I was looking for information on the history of the Internet. I first went to Wikipedia for some general encyclopedic information. I ran across a term that I had seen before but didn't really understand. That term was Packet Switching. Three names were associated with this term: Paul Baran, Donald Davies and Leonard Kleinrock. Packet switching is the way information is broken apart and transported on the Internet. It is then reassembled (packet by packet) at the receiving terminal.
Paul Baran, a Polish immigrant and engineer working for the non-profit Rand Corporation in the 1960's developed packet switching to keep communication from being blocked or discovered if there was a nuclear calamity. He called this method distributed communications or "hot potato routing" http://www.rand.org/about/history/baran.html .

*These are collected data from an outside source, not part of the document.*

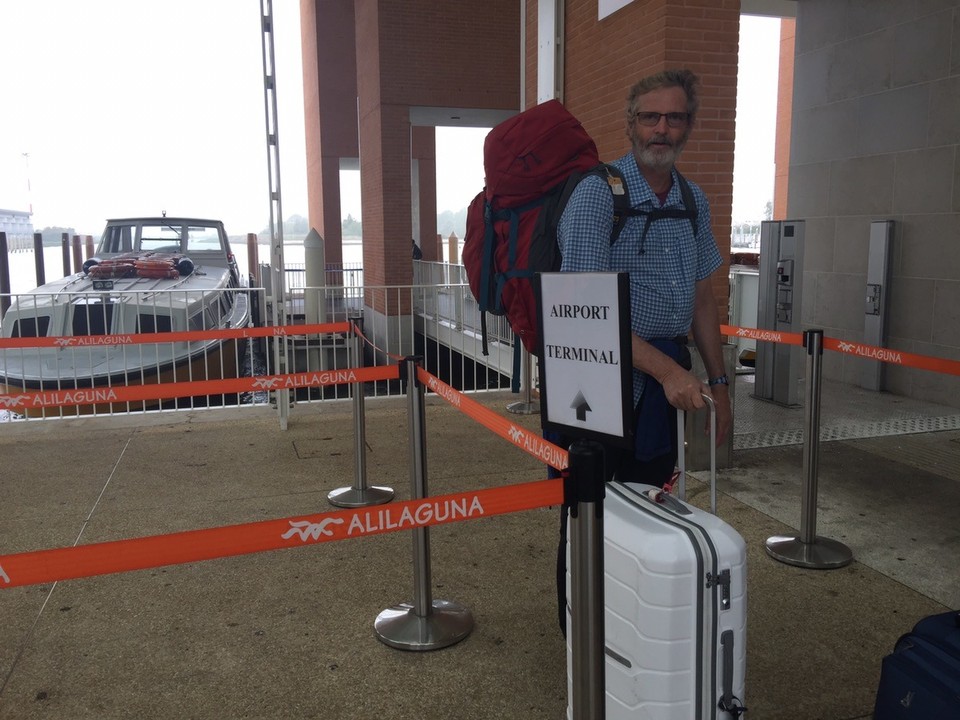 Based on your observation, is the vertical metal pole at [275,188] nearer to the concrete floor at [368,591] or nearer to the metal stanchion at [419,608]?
the concrete floor at [368,591]

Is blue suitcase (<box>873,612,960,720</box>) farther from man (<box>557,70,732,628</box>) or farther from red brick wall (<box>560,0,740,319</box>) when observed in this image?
red brick wall (<box>560,0,740,319</box>)

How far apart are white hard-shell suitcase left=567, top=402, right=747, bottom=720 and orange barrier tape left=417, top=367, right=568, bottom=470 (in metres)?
0.27

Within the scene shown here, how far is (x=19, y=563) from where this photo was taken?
1581 mm

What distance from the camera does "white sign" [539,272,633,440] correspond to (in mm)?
1851

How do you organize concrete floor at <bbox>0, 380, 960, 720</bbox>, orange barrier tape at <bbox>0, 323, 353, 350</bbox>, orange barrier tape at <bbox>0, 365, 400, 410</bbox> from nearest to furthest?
concrete floor at <bbox>0, 380, 960, 720</bbox> < orange barrier tape at <bbox>0, 365, 400, 410</bbox> < orange barrier tape at <bbox>0, 323, 353, 350</bbox>

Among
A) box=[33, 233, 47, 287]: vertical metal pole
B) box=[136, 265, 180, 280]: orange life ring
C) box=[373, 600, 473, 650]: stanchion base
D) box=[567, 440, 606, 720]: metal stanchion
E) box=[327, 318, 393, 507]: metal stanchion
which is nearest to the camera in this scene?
box=[567, 440, 606, 720]: metal stanchion

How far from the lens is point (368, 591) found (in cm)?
358

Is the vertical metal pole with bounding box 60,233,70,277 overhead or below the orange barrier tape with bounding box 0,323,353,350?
overhead

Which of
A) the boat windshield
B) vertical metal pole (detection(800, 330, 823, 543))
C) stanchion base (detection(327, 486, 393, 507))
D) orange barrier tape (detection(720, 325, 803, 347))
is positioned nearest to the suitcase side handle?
vertical metal pole (detection(800, 330, 823, 543))

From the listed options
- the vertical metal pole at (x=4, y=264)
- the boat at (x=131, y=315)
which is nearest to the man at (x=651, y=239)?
the boat at (x=131, y=315)

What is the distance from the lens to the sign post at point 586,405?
68.4 inches

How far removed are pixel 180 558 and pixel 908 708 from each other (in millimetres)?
1777

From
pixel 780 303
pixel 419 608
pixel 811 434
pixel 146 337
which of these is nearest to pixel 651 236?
pixel 419 608

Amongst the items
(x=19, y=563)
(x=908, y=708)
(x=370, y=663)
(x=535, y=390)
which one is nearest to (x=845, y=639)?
(x=908, y=708) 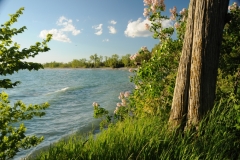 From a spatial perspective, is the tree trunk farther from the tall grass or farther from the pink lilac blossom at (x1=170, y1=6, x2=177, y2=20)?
the pink lilac blossom at (x1=170, y1=6, x2=177, y2=20)

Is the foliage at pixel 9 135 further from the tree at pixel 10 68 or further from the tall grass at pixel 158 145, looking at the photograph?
the tall grass at pixel 158 145

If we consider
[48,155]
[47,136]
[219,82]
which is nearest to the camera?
[48,155]

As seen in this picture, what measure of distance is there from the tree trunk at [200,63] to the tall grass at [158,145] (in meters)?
0.25

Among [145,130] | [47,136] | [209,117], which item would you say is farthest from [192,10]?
[47,136]

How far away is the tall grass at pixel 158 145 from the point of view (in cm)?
284

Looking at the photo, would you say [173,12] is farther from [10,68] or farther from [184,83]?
[10,68]

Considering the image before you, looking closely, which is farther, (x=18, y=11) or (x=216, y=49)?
(x=18, y=11)

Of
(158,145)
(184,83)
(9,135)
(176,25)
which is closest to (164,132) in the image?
(158,145)

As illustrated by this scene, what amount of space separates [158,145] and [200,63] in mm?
1622

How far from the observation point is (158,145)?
2.99m

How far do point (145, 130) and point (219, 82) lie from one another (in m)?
4.22

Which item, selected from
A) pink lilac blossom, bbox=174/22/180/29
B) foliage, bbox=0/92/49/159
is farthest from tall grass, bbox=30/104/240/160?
pink lilac blossom, bbox=174/22/180/29

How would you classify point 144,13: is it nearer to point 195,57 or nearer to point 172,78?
point 172,78

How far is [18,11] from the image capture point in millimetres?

While Paul Baran labored at the Rand Corporation, Donald Davies was developing much the same work at The National Physical Laboratory in Great Britian. The Laboratory website gives Davies credit for putting this theory into practical use http://www.npl.co.uk/about/famous_names/donald_davies.html .
Leonard Kleinrock, a current member of the Academy of Arts and Sciences is credited with the development of the ARPANET which was a precursor to the Internet. http://www.cs.utexas.edu/users/chris/think/ARPANET/ARPA_People/Kleinrock.htm . Much of his early work was done while in graduate school at MIT in the early 1960's.
It is hard to tell who deserves credit for what at this point in my research. All three men, working separately, developed similar theories at about the same time independent of one another. What is important is that packet switching is partially responsible for the rapid and usually successful downloading of Web pages.